━━━━━ RECORDS TO USE

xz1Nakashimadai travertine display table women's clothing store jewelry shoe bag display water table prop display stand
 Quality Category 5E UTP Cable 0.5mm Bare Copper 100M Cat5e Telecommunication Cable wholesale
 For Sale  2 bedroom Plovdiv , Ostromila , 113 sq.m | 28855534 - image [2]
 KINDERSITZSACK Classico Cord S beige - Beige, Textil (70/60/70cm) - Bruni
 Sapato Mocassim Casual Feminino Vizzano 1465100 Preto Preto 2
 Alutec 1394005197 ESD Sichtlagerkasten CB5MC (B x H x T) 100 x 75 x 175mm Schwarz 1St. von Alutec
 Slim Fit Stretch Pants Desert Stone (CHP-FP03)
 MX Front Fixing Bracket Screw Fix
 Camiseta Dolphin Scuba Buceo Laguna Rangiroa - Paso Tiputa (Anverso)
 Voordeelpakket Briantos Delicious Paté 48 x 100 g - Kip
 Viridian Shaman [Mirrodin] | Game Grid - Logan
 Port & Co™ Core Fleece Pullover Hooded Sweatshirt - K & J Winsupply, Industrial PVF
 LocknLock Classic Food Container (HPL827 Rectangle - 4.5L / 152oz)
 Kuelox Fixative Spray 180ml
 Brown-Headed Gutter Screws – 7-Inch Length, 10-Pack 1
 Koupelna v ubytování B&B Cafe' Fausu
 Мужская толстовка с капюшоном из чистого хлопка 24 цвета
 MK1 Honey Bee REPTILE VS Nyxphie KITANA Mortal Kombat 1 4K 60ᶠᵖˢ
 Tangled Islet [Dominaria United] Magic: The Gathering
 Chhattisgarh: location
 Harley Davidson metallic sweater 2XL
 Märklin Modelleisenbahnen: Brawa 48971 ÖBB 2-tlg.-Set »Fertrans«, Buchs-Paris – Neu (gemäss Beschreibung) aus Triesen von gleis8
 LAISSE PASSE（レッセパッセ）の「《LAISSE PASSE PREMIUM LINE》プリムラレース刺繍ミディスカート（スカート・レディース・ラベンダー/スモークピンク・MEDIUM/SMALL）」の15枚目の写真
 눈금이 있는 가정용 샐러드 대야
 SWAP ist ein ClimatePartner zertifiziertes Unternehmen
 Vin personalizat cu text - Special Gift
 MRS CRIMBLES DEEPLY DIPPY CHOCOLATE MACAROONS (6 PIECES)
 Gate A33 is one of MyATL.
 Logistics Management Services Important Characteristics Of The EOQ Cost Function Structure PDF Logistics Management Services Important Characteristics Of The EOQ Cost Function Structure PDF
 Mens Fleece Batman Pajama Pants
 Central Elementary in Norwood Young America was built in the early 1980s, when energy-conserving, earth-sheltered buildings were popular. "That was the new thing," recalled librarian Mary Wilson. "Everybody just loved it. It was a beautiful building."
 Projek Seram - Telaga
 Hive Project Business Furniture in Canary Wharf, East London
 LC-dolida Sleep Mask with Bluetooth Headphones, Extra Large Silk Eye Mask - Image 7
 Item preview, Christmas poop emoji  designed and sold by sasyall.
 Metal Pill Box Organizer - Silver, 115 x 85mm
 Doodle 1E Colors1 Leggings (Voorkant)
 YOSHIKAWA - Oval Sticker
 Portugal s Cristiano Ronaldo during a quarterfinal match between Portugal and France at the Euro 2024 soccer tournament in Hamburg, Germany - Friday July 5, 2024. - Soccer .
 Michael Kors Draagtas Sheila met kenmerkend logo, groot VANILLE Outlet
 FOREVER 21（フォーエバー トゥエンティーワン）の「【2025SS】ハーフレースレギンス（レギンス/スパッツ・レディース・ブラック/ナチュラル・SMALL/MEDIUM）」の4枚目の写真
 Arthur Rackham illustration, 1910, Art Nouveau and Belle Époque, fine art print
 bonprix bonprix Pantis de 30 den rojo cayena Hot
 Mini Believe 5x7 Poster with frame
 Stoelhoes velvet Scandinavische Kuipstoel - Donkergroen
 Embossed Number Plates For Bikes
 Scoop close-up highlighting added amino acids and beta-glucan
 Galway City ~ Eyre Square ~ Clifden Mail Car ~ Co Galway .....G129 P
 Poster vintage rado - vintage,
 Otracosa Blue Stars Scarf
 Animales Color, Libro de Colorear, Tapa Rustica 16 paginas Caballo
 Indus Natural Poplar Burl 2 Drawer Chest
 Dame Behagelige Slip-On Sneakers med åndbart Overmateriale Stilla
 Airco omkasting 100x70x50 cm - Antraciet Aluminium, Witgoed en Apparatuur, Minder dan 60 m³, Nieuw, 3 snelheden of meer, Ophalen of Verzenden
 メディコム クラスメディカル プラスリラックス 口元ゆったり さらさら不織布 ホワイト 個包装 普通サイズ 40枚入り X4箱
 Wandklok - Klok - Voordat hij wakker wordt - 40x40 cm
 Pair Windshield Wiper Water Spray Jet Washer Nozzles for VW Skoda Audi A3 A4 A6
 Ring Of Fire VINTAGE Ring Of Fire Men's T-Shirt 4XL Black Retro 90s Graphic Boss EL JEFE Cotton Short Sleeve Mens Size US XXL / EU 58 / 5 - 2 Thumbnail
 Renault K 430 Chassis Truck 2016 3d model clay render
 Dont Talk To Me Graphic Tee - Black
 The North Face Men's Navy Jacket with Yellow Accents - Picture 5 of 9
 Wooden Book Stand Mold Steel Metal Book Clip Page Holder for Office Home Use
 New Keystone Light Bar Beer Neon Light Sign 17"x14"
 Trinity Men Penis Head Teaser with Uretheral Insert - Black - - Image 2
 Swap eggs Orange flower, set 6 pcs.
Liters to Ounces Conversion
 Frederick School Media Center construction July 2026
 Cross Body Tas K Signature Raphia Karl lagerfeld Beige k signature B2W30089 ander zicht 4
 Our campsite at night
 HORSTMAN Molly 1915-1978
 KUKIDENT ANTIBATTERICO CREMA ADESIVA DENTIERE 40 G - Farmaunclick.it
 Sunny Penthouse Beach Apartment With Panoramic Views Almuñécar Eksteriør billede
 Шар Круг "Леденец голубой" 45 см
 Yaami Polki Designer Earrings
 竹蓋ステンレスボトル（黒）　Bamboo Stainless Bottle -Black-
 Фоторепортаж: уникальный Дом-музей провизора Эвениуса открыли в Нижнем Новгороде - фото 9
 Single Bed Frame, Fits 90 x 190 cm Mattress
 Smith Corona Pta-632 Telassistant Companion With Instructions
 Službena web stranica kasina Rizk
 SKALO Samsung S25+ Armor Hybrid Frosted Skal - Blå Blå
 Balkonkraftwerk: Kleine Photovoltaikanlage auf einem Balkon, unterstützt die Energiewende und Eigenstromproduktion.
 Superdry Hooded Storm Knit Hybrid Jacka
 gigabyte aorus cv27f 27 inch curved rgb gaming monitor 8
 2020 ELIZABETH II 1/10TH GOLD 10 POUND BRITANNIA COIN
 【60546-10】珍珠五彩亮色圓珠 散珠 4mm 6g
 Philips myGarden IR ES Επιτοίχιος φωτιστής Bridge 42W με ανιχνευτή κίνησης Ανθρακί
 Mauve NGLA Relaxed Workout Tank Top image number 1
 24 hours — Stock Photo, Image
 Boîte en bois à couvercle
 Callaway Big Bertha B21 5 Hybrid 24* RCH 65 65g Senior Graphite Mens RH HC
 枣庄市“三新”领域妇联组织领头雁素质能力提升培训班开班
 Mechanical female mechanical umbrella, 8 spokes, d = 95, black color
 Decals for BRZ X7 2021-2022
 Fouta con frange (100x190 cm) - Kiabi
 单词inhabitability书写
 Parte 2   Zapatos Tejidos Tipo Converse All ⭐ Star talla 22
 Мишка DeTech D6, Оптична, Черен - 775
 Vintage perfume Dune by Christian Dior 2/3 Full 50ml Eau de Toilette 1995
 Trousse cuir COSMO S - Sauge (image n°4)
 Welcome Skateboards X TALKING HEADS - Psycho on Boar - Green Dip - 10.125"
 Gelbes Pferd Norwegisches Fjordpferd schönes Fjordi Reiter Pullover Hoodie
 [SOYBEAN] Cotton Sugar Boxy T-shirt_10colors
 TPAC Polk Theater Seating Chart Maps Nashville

━━━━━━━━━━

## TASK ITEM
The lines to report are those in the material above that contain the word "Mens"; copy every one of them.

## SOLVED EXERCISE
 Mens Fleece Batman Pajama Pants
 Ring Of Fire VINTAGE Ring Of Fire Men's T-Shirt 4XL Black Retro 90s Graphic Boss EL JEFE Cotton Short Sleeve Mens Size US XXL / EU 58 / 5 - 2 Thumbnail
 Callaway Big Bertha B21 5 Hybrid 24* RCH 65 65g Senior Graphite Mens RH HC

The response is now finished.